Piotr Chmielowski (9 February 1848 – 22 April 1904) was a Polish philosopher, literary historian and critic.

Life
After studying at Warsaw's Main School in Russian Poland and at Leipzig University (to 1874), Chmielowski taught till 1898 in Warsaw private schools. From 1903 he was a professor at Lwów University in Austrian Poland.

He wrote for many periodicals. In 1881–97 he edited the Ateneum. From 1893 he was a member of the Kraków-based Academy of Learning.

Chmielowski was the outstanding student and critic of literature during Poland's Positivist period.
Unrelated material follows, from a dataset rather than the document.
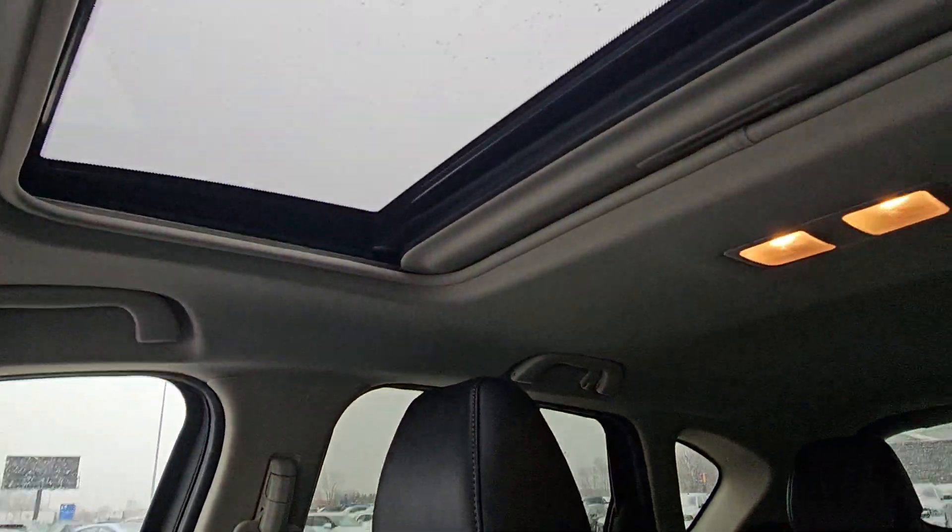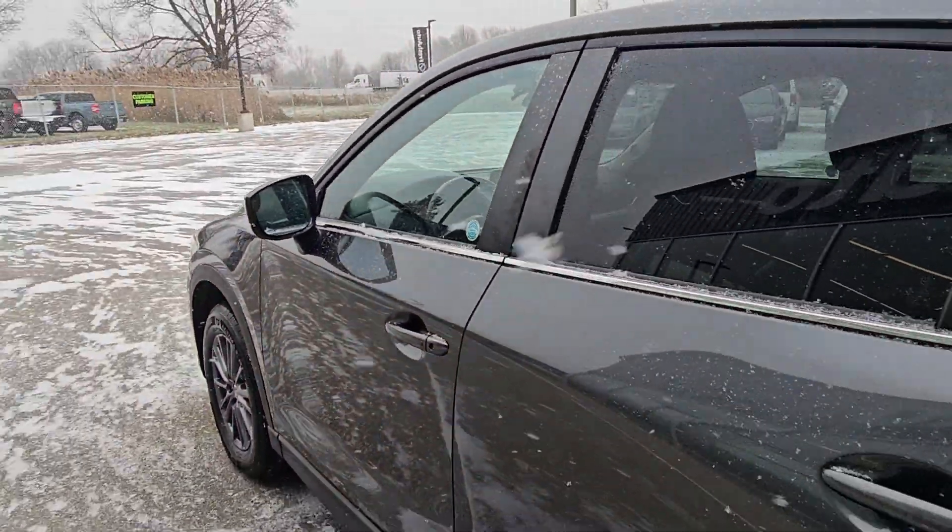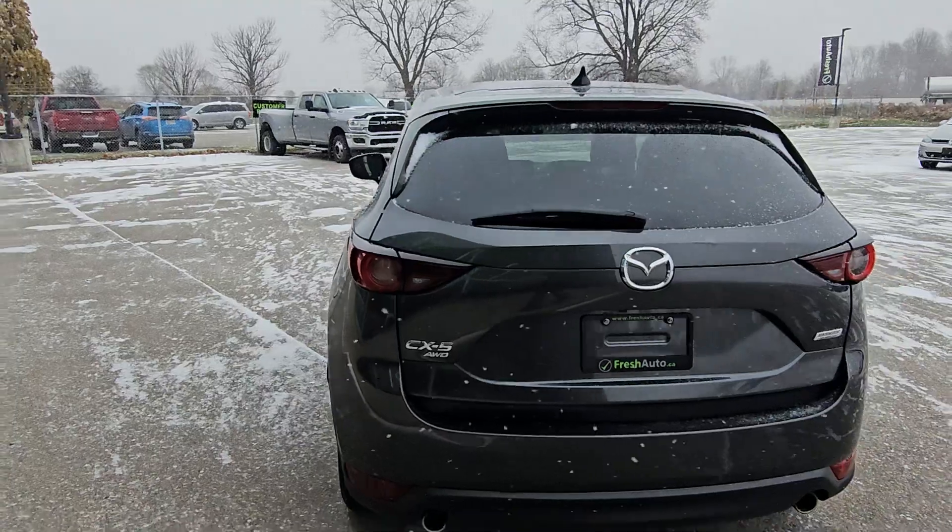Heated seats and steering wheel, sunroof, remote start, all-wheel drive.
He  advocated social utilitarianism in literature, and the realistic treatment of social reality.  As a historian he was influenced by the philosophical and esthetic concepts of the French critic Hippolyte Taine, and studied the relations between writers' works and their social and cultural milieux, seeking the expressions of those relations chiefly in the works' ideological concerns.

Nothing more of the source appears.